DIRECTIONS FOR THIS TASK:
As the answer, return precisely the lines from the one containing "Bayern Munich 2024 Pre match jersey" to the final line of the material below, inclusive, and omit every picture.
====
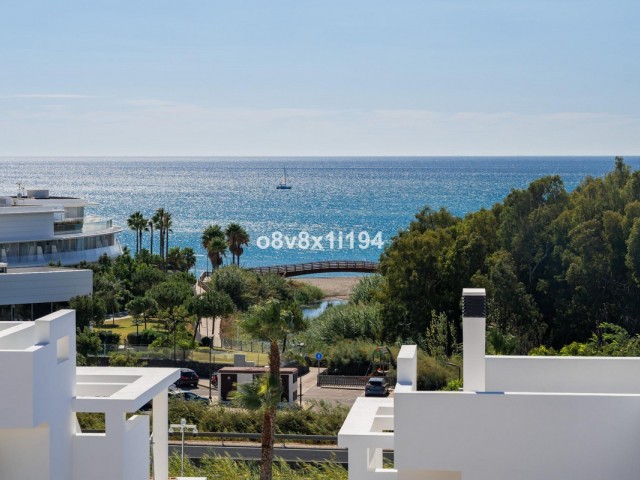 Penthouse in Estepona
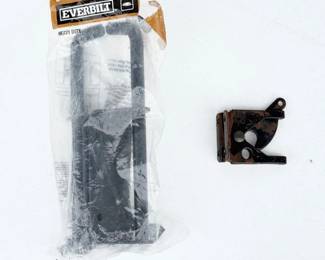 147 NewEverbiltHeavyDutyGateHatchMechanismHatch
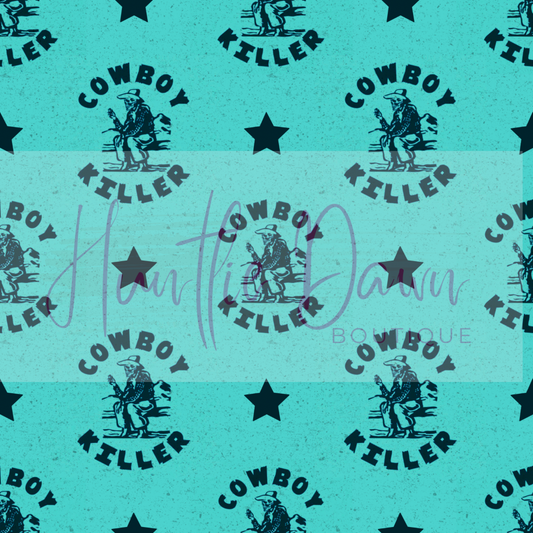 Cowboy killer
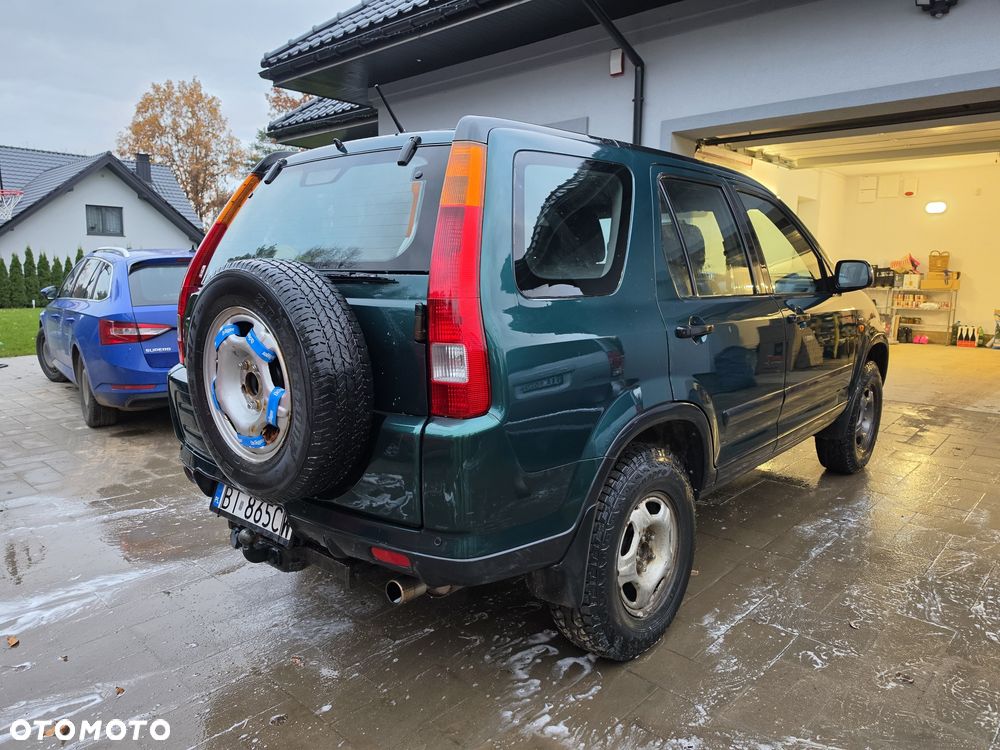 Honda CR-V - 3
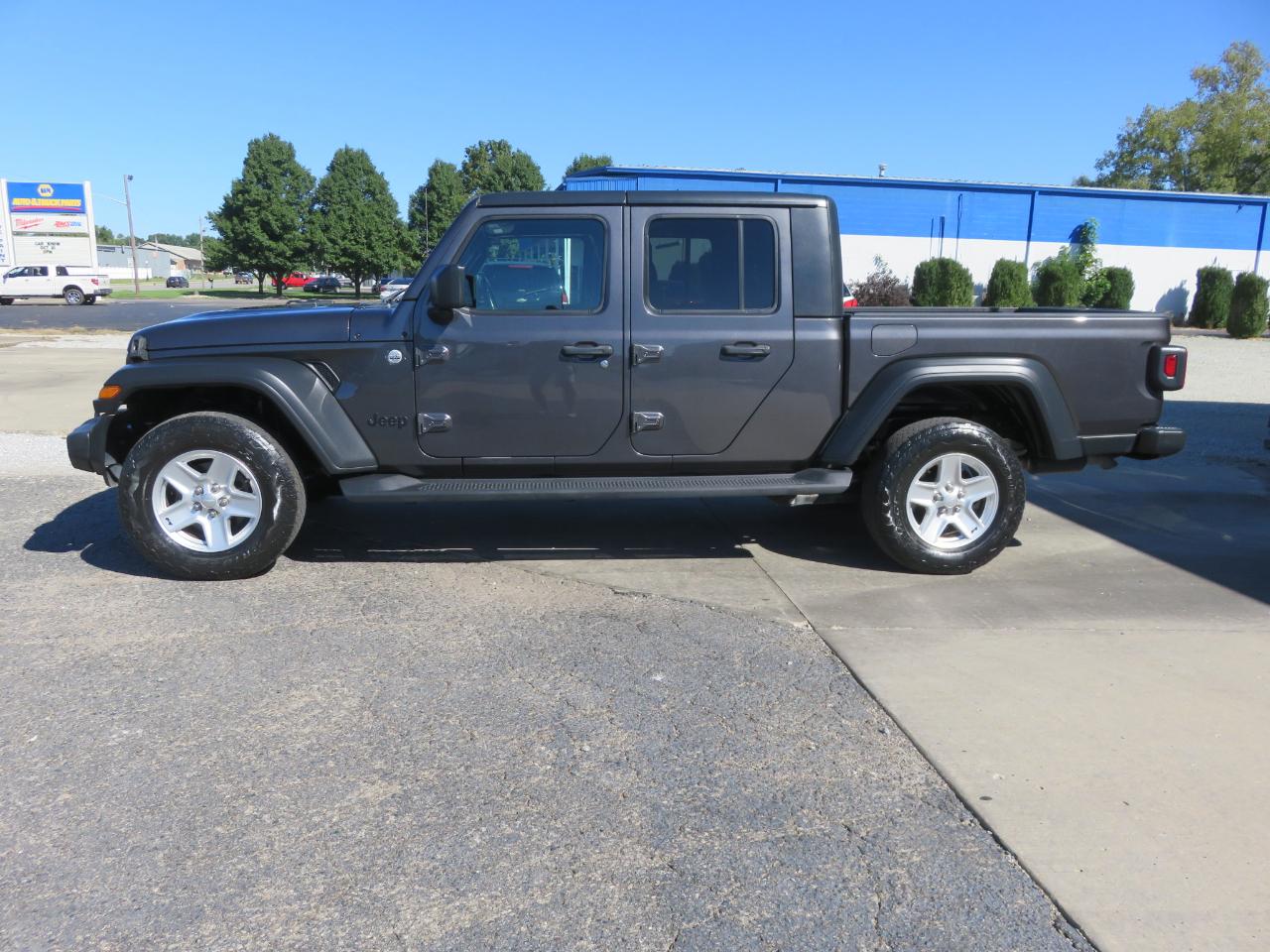 Jeep Gladiator Sport S 4x4 2020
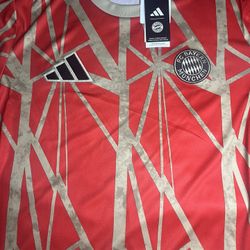 Bayern Munich 2024 Pre match jersey 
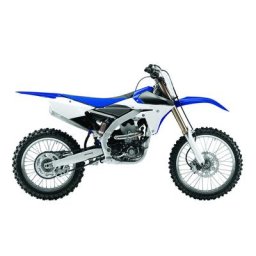 POLISPORT Kit plastique couleur origine (2015) Yamaha YZ85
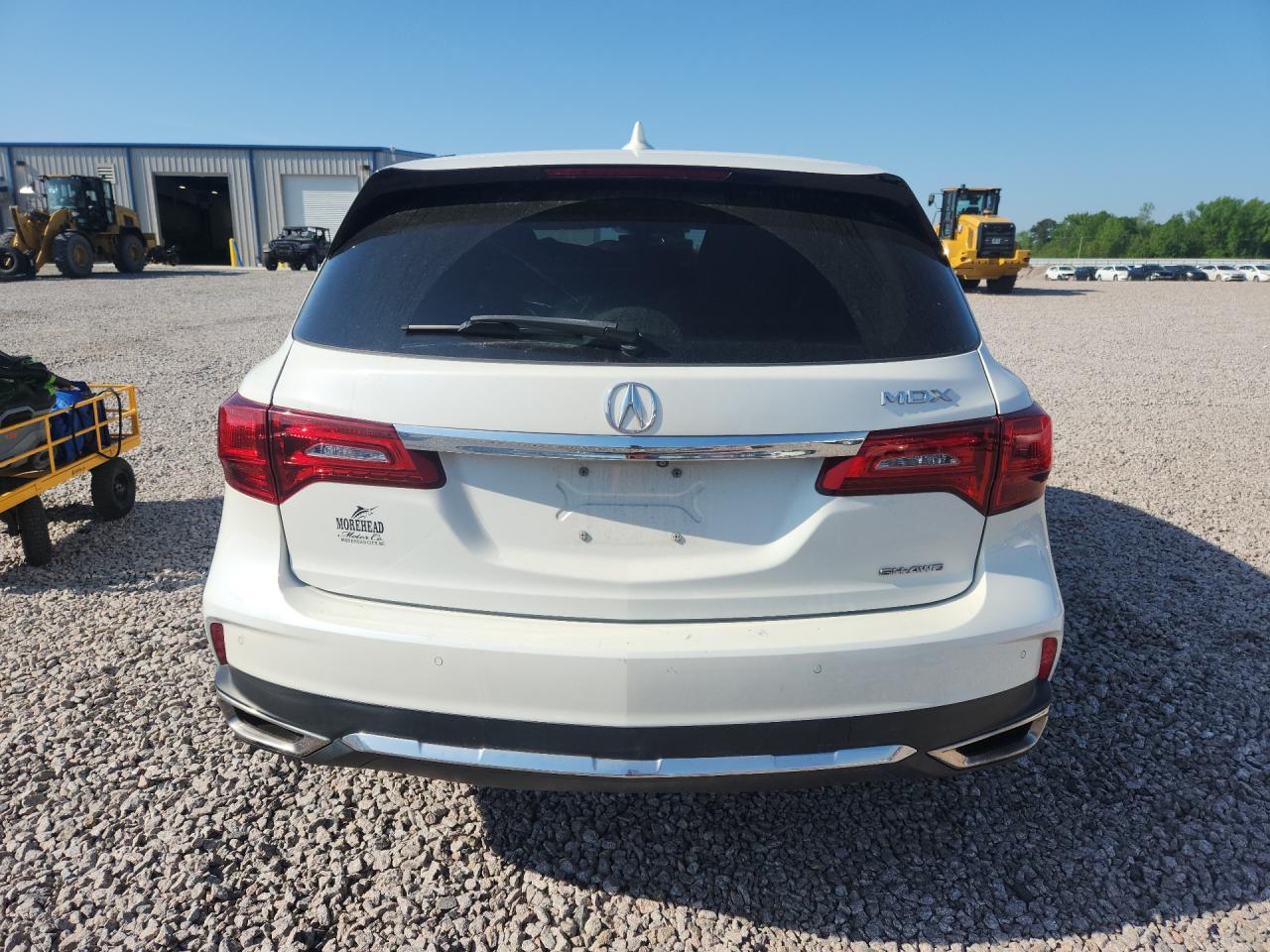 2019 Acura Mdx Technology - Image 6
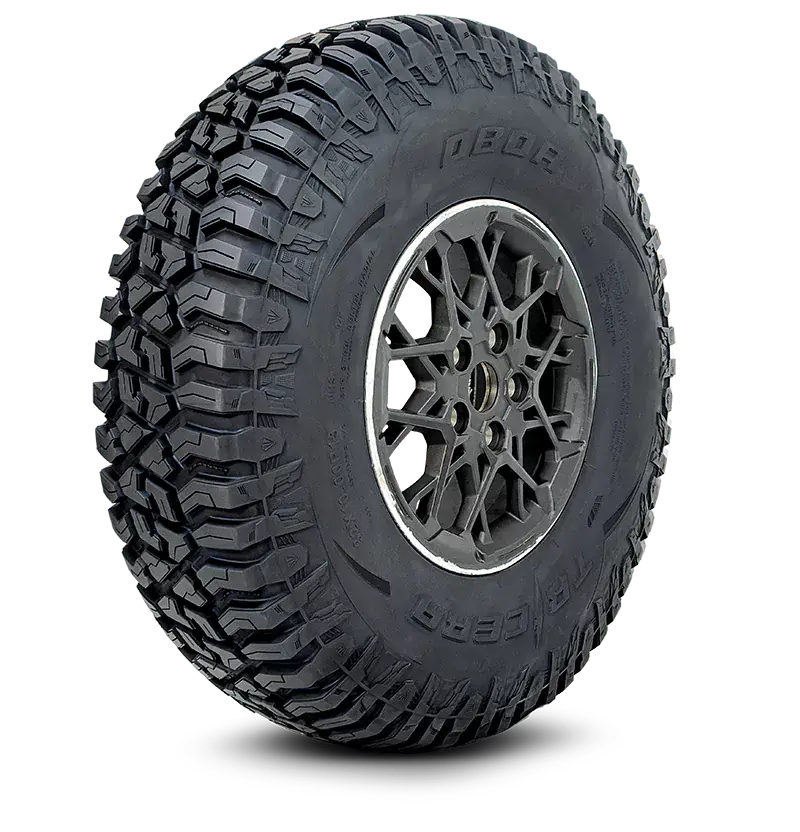 32x10xR15 (255/85 R15 )  8ply Obor WL33 Tricera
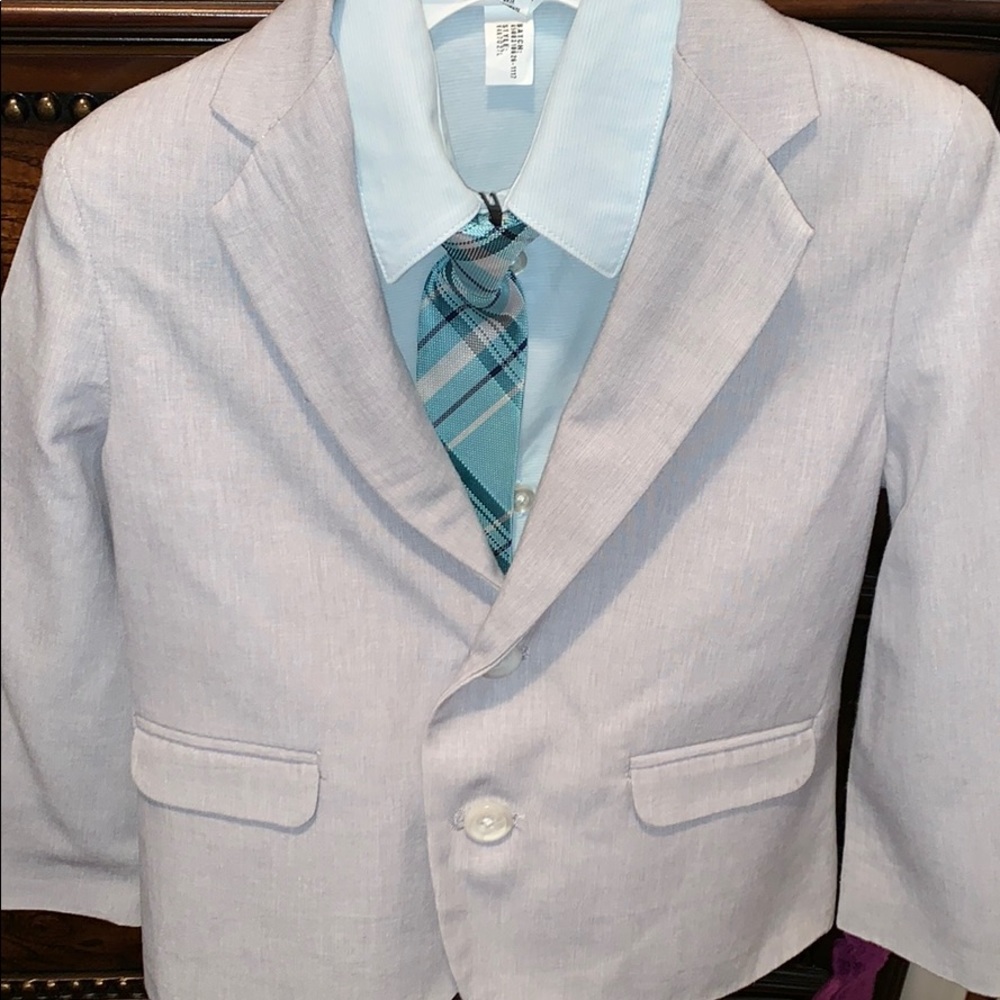 Van Heusen Toddler Suit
====
ANSWER AREA:
 Bayern Munich 2024 Pre match jersey 
 POLISPORT Kit plastique couleur origine (2015) Yamaha YZ85
 2019 Acura Mdx Technology - Image 6
 32x10xR15 (255/85 R15 )  8ply Obor WL33 Tricera
 Van Heusen Toddler Suit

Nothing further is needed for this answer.